Rzecznik prezydenta Krzysztof Łapiński zapytany, czy Andrzej Duda zażądał od premier Beaty Szydło dymisji szefa MON Antoniego Macierewicza stwierdził, że „jeśli prezydent miałby takie oczekiwania co do zmian w składzie Rady Ministrów, to na pewno by je wyraził prezesowi PiS”. Te słowa ostro skomentował marszałek Senatu Stanisław Karczewski – Świadczy to albo o nieznajomości przepisów, niekompetencji, albo po prostu o złym wychowaniu. Ja gdybym był szefem pana rzecznika zwolniłbym go z pracy. (...) Przecież wie, jakie są uwarunkowania prawne i z kim pan prezydent rozmawiałby, z kim będzie rozmawiał, jeśli będzie chciał na ten temat rozmawiać. (...) Ja osobiście gdybym miał takiego rzecznika to bym zmienił – stwierdził marszałek.

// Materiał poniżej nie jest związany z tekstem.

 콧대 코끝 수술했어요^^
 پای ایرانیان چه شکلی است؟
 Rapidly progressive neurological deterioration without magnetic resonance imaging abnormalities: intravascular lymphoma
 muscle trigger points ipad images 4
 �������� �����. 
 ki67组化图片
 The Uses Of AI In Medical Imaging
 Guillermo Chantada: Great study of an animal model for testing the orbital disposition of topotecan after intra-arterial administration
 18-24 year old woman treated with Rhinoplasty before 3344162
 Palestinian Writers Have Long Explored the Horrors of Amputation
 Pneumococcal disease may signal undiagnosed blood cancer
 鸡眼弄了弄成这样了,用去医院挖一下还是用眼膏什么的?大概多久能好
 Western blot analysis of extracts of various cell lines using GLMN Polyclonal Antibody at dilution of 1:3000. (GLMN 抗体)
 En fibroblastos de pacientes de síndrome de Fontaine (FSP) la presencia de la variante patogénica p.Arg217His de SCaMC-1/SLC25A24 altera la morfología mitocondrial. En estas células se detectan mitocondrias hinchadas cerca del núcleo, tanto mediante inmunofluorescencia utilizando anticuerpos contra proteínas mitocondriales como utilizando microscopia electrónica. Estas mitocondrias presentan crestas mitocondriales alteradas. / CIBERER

Innego zdania są posłowie opozycji. – Łapiński tylko potwierdza właśnie taką tezę, że nie jest podmiotowa, nie jest samodzielna w swojej polityce premier Szydło, ale jeżeli udałoby się uzgodnić w trójkę z prezydentem, prezesem Kaczyńskim i premier Szydło, żeby wyrzucić natychmiast Macierewicza, to wesprzemy całą tę trójkę w takiej aktywności – powiedział stacji TVN 24 lider PO Grzegorz Schetyna.

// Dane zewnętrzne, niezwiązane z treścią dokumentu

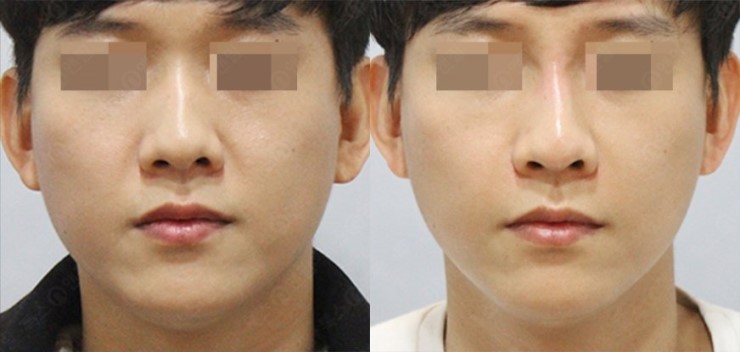 서울대입구역피부과에서 턱보톡스 맞고 v라인 얻은후기!(내돈내산,후기,가격) 관련 이미지 3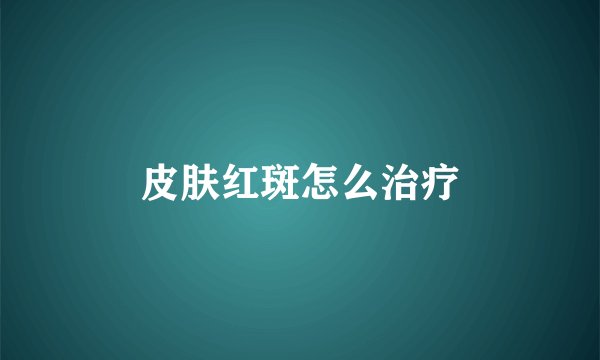 皮肤红斑怎么治疗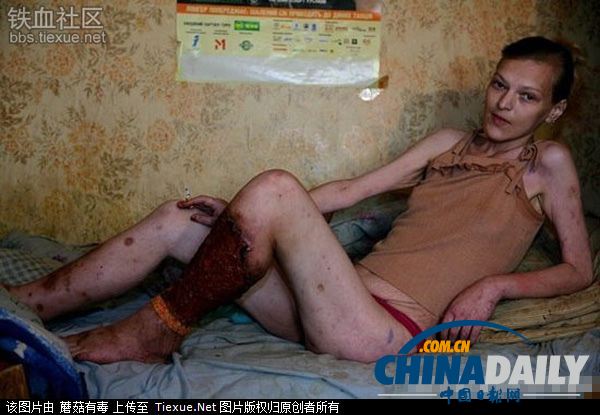 美麗蛻變！實(shí)拍吸毒女孩的戒毒歷程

– Pan marszałek Karczewski chce zwolnić faceta, który w końcu powiedział prawdę. Wszyscy doskonale wiedzą, kto rozdaje karty w tym rządzie i rzecznik powiedział prawdę – to słowa Jakuba Stefaniaka z PSL. – Myślę, że to jest potwierdzenie tego, co wielokrotnie my powtarzaliśmy – dodał.
– To pokazuje na pierwsze rysy w ramach tego wielkiego obozu PiS. Cieszyłbym się, gdyby prezydent poszedł za tymi dwoma wetami i w kolejnych odsłonach pokazał niezależność, wtedy oznaczałoby to że mamy prezydenta, który zaczyna wybijać się na niepodległość – stwierdził Ryszard Petru z partii Nowoczesna.
Premier Szydło niechętnie odniosła się do słów rzecznika. – Pan prezydent podejmuje decyzje wobec swoich współpracowników, tak samo jak ja podejmuję decyzje wobec moich współpracowników i nie będę absolutnie komentować słów rzecznika pana prezydenta – powiedziała prezes Rady Ministrów.